-- Dataset section --
::::

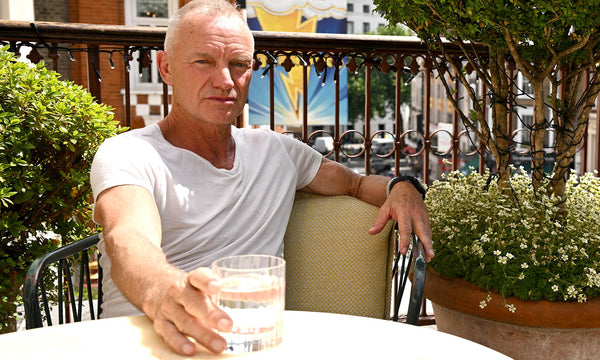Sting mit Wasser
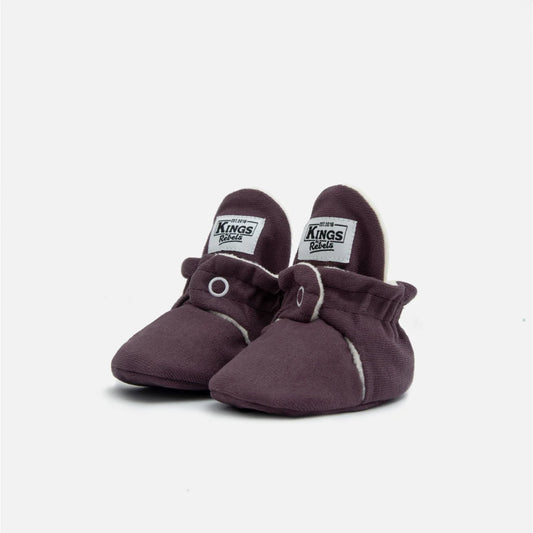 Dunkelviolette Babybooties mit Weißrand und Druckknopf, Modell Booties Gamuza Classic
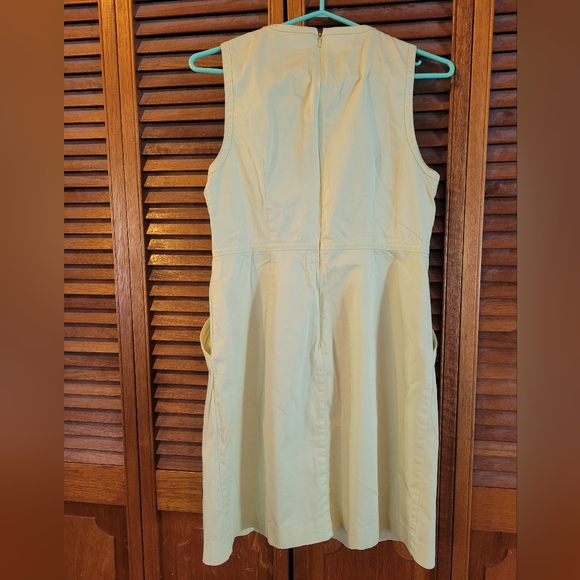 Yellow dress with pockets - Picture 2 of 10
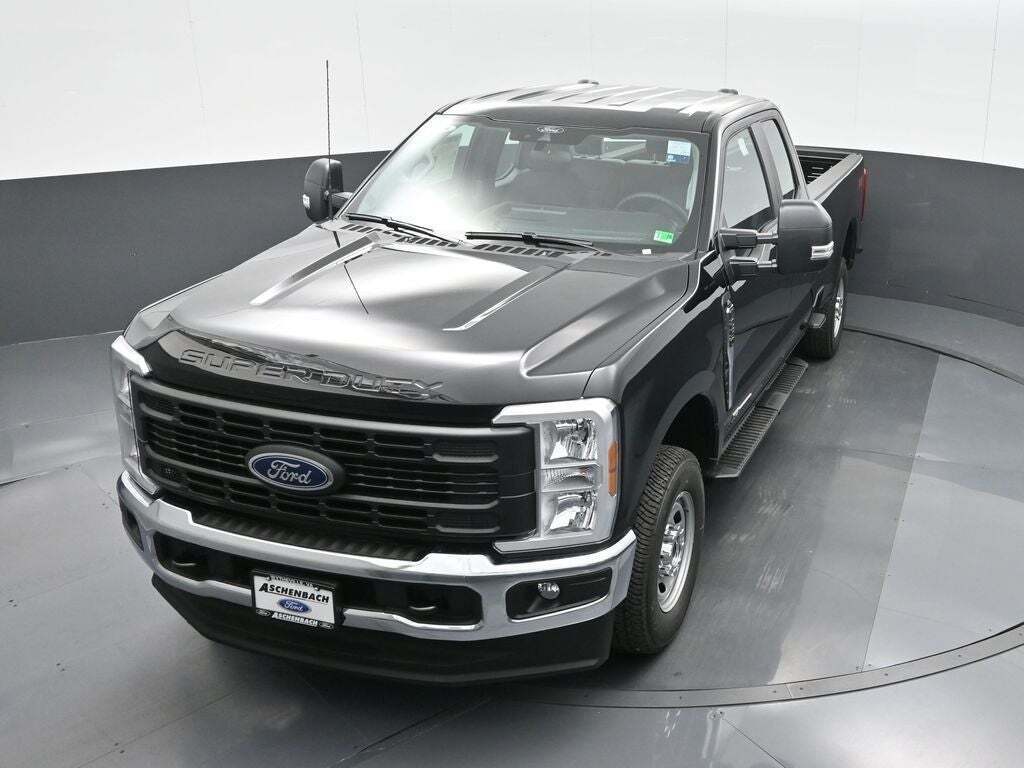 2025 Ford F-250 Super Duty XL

::::

Your answer must be the lines from the one containing "Yellow dress with pockets - Picture 2 of 10" through the last line of the listing above, restated word for word, with no pictures.

-- Answer below --
 Yellow dress with pockets - Picture 2 of 10
 2025 Ford F-250 Super Duty XL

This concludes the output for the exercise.